European Medical Students' Orchestra and Choir
- Formation: 1993
- Type: International Organization
- Location: Europe;
- Official language: English
- Website: https://emsoc-info.eu

= European Medical Students' Orchestra and Choir =

European Medical Students' Orchestra and Choir (EMSOC) consists of medical students and young doctors from all over Europe, all of whom have passion and talent for making music. Each year, the orchestra and the choir meet in a different European city for around ten days of intensive rehearsals and social activities, culminating in several concerts. The proceeds of the benefit concerts go to a selected non-profit medical aid organization. Each course is organised by medical students and junior doctors in the particular host country.

==History==
It began in 2009 when European Medical Students' Orchestra (EMSO) and European Medical Students' Choir (EMSC) joined forces to produce a spectacular series of concerts in Ljubljana and Piran, Slovenia under the direction of two conductors - Martina Batič and Marjan Grdadolnik. The union of the orchestra and the choir was so successful that the cooperation of EMSO and EMSC continued with concerts in Chester Cathedral and the Royal Northern College of Music, Manchester, United Kingdom in 2010 under the conduction of John Anderson and Daniel Parkinson, as well as in Giessen and Frankfurt, Germany in 2011, under the leadership of Stefan Ottersbach and Anna Katharina Kalmbach.

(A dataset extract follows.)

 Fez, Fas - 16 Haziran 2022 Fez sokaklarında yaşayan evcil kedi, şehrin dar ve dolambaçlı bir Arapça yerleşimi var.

In 2012 the orchestra and the choir assembled in the Island of Rab and Rijeka, Croatia, where - under the direction of Mladen Tarbuk, and the choir - leadership of Anna Katharina Kalmbach - they continued the tradition of EMSOC. In the following year EMSOC was organized in Hungary by the students of the University of Szeged and the University of Budapest. More than 150 participants from all over Europe gathered to perform two charity concerts under the baton of Péter Somorjai and with the choir leadership of Anna Katharina Kalmbach, presenting Carmina Burana by Carl Orff.

Further meetings of EMSOC took place in Bilbao/Spain (2014), Warsaw/Poland (2015), Prague/Czech Republic (2016), Basel and Geneva/Switzerland (2017) and Rotterdam and Leiden/The Netherlands (2018).

During the summer of 2019 the musicians joined together again for an unforgettable experience in Granada, Spain, performing Karl Jenkins’s Gloria and other pieces.

In 2020 the meeting was scheduled to take place in Germany. Due to the Covid 19 pandemic this meeting was delayed until 2021.

===Germany===
The European Medical Students’ Orchestra (EMSO) was founded in Würzburg, Germany in 1993. Since its origins as a chamber orchestra in 1993, EMSO has grown in size and popularity to a full symphony orchestra of about 60 musicians from more than 20 European countries. In Ljubljana, 1996, the orchestra's performance of Mendelssohn's Violin Concerto was sold out, and the concert was broadcast on Slovenian national radio. In Budapest in 2002, a Hungarian journalist wrote that the orchestra's performance of Liszt's Piano Concerto was “thrilling from beginning to the end”. In Poznan, 2004, the concert was attended by more than a thousand listeners in addition to being broadcast by Polish national radio. In a similar way, EMSO has been greeted within various European cities by several notable figures. In Aberdeen, 1999, the orchestra was invited to dine with the Lord Mayor of Aberdeen, and in Porto, 2001, it was welcomed by the Portuguese Culture Secretary. Since 2009, European Medical Students' Orchestra joined forces with European Medical Students' Choir to form European Medical Students' Orchestra and Choir (EMSOC).

===United Kingdom ===
The European Medical Students’ Choir (EMSC) was founded in London, England, in 1996, by Vasuki Sivagnavel. Since its beginnings in 1996, EMSC events took place up to twice a year until 2006, when EMSC took a three - years break. In 2009, EMSC combined forces with EMSO forming European Medical Students' Orchestra and Choir (EMSOC).